RAW DATA:
'''

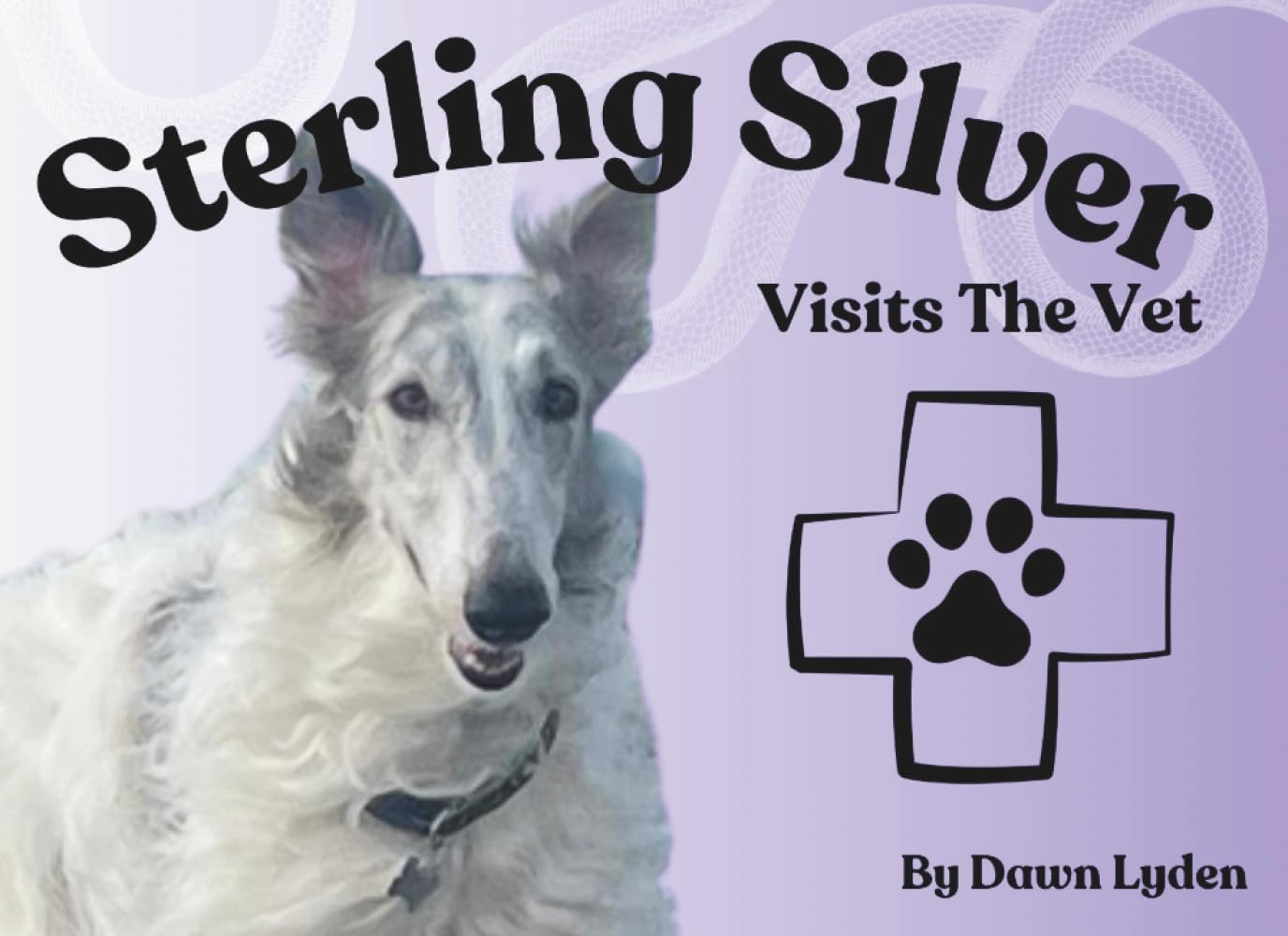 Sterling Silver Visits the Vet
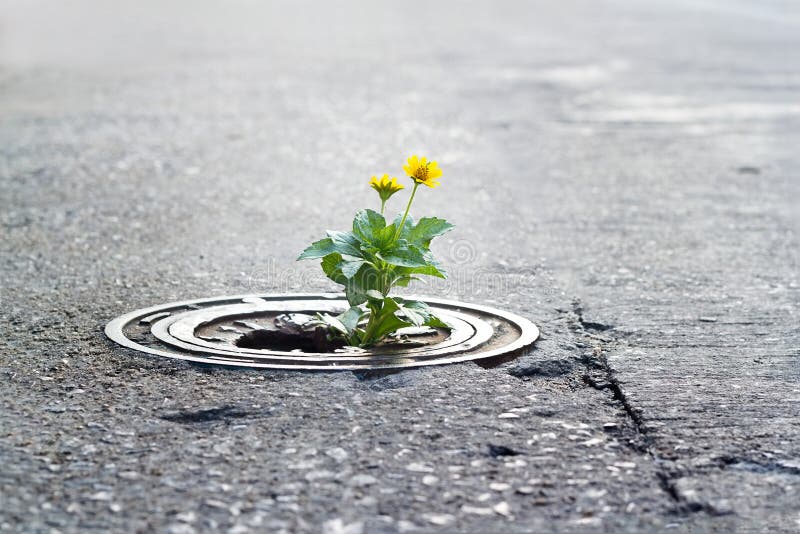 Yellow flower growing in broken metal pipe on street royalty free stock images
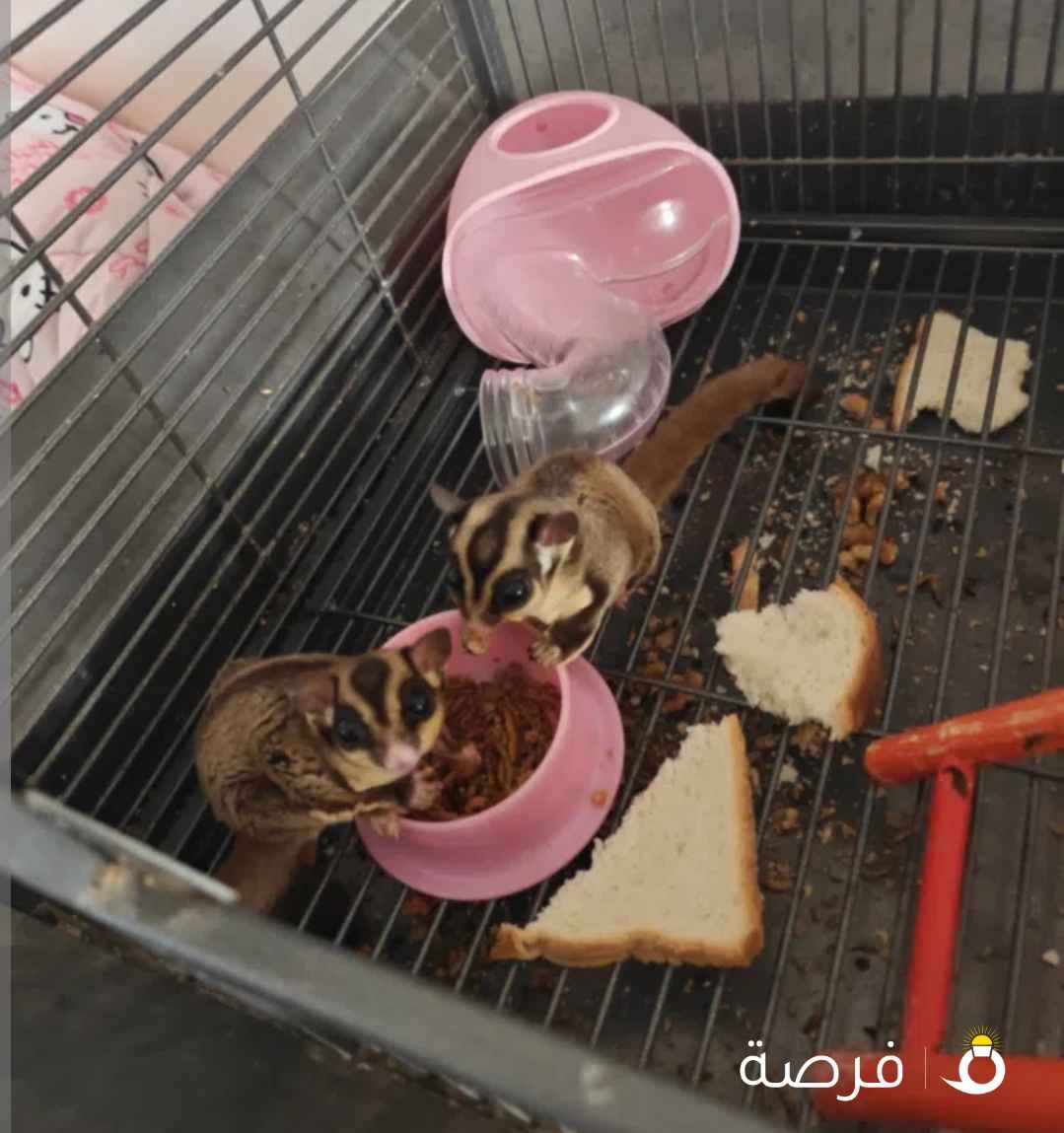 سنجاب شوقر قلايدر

'''

WHAT YOU SHOULD DO:
Write out the material above without changing a word, and skip any picture.

ANSWER AREA:
 Sterling Silver Visits the Vet
 Yellow flower growing in broken metal pipe on street royalty free stock images
 سنجاب شوقر قلايدر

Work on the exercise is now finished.